The core gameplay will have anyone who has played any platformer, not just ones released 20 years ago, feeling immediately at home.
Learning moves has often felt like an arbitrary way to gate sections of a game off, but the fact you can unlock them in the order of your choosing in Yooka-Laylee - provided you’ve collected enough items, of course - can lead to some further head-scratching as you try to work out whether you have the right move to do something or are just too stupid to work it out, particularly in the earlier stages of the game.
Making progress involves collecting ‘Pagies’, torn out pages of the magical book central to the story, all of which are locked behind some sort of challenge - generally combat, traversal or puzzle-related - meaning you’ll need to do a few things in each book world before you can move on to the next. A nice touch is the choice to expand a world you’ve already explored rather than jumping into a brand new one, giving you more choice about which way your journey goes.
Working out where to go next can be difficult though as, if you feel like you’ve done all you can in the current locale, the hub world, Hivory Towers, can be a bit of a maze to navigate. There are no objective indicators or all-seeing arrows to give you literal pointers on the best place to go next, so you’ll just have to potter until you figure it out.
You can reclaim some control by utilising Play Tonics (see what they did there?!), which give specific buffs or activate special world modifiers, but you can only choose one at a time. Unlocking them means sampling everything the game has to offer, and, thankfully, the exact requirements are readily viewable. This gives you a range of smaller challenges to shoot for, the rewards for which you can use to make objectives a little easier to complete. Need to race a cloud around a track? (Trust us, it happens) No problem! Get a boost to how long you can move quickly before you need some health/energy-replenishing butterflies.
Some challenges feel more reasonable than others, with it up to the player to decide whether defeating a giant boss is more attractive than just moving through an area within a time limit.
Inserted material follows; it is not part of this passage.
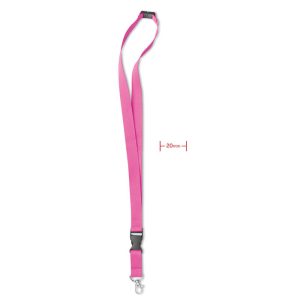 Lanyard cu agatatoare metalica, Polyester, fuchsia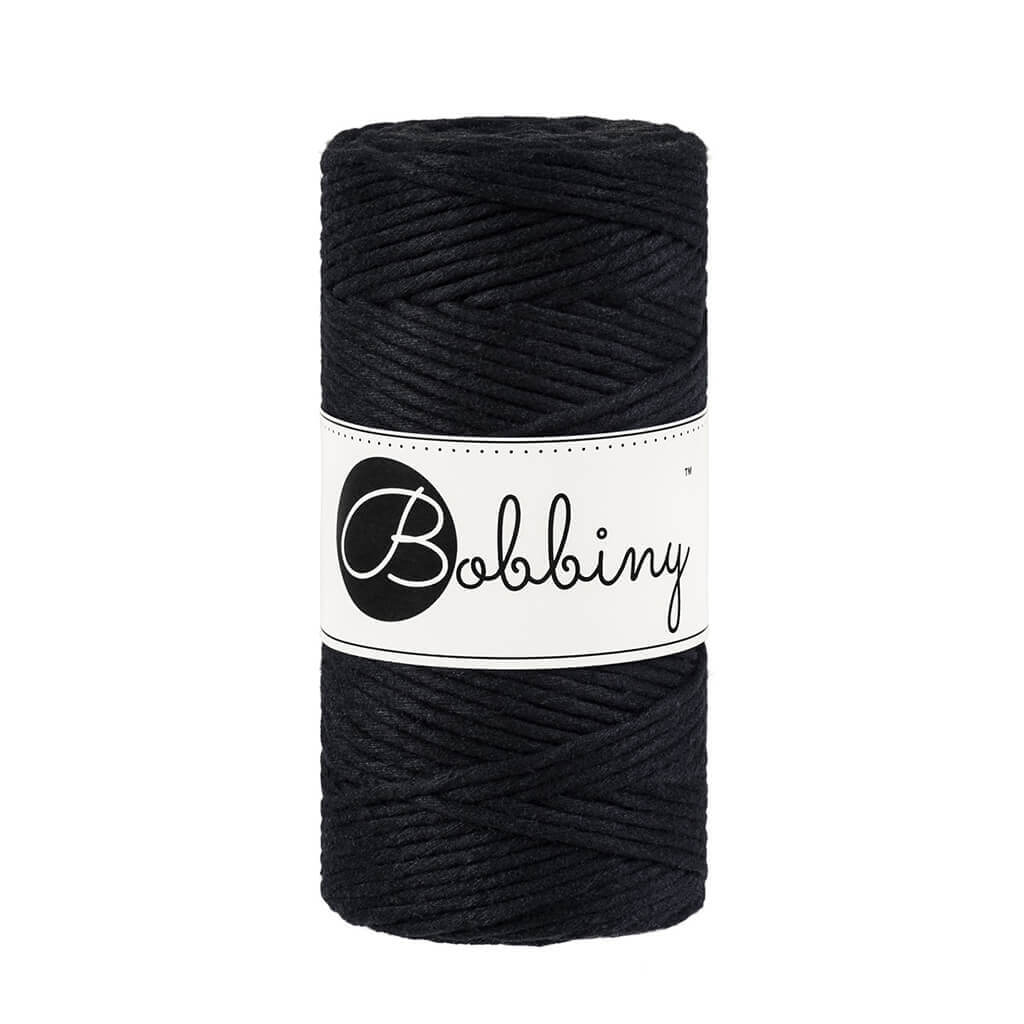 Bobbiny Makramee Garn 3mm, Farbe Black – Baumwolle bei Lieblingsgarn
It ultimately depends on your play style, but if you don’t like the feel of one of the recurring challenges you can always ignore them, though it will mean missing out on the bragging rights that go with 100% completion.
Although many platformers punish players with incredibly hard ordeals which force countless retries and perfect timing, there’s not too much of that here. Most challenges will become clear without too much thought (providing you have the right moves unlocked), though actually doing what they ask of you can be more taxing.
Functionally, the game performs well on Xbox - whether the experience holds together on Nintendo Switch, where, arguably, the style seems a more natural fit, remains to be seen. It’s easy to overlook the fact that Playtonic are a relatively small outfit, with the game being published by Grand Masters of the Worms franchise Team 17, so to see something so polished and consistent in its art style and technical performance is impressive.
There are definitely the beginnings of something special here, and embracing the tone of the game is the biggest factor in enjoying it. If you play it without quite getting its sense of humour then it will feel like a struggle, just as those expecting logic and reason at every turn will be disappointed by the slight vein of mayhem that runs throughout.
When approached in the right mindset, Yooka-Laylee can be a Force Awakens, introducing a whole new generation of fans to a franchise by showing off exactly why their parents fell in love with it in the first place. The issue is that this is a new IP, there’s no Banjo here (he’s a bear, not a musical instrument, if you’re wondering) and no thread to pick up from what has come before - it’s absolutely a brand new game.
Going back to Banjo-Kazooie now, even comparing it to its own sequel you do see things which were improved and moved forward, but with Yooka-Laylee you’re not sure whether it should feel like Banjo-Threeie, Thirty-Threeie, or something completely different, and that lack of clarity might be too much for some people.
Having poured in a number of hours, it a brought a smile to our faces whenever we met a character with a pun-tastic name, or came across some contrived reason for our heroes to complete a task just to retrieve a torn scrap of paper. There’s love poured into every area of the game, from the upbeat score that’s packed with nostalgic motifs and takes on a different feel depending on where you might be, to the bizarre and unusual things you can turn into after giving one recurring NPC a ‘Mollycool’.
In the end, there’s a lot of skill and creativity on display, but there will undoubtedly be many who went in imagining their own version of what the game should be depending on their own exposure to 3D platformers. The important thing is that you can actually play this game, enjoy it and want more - which is what, we hope, Playtonic were going for.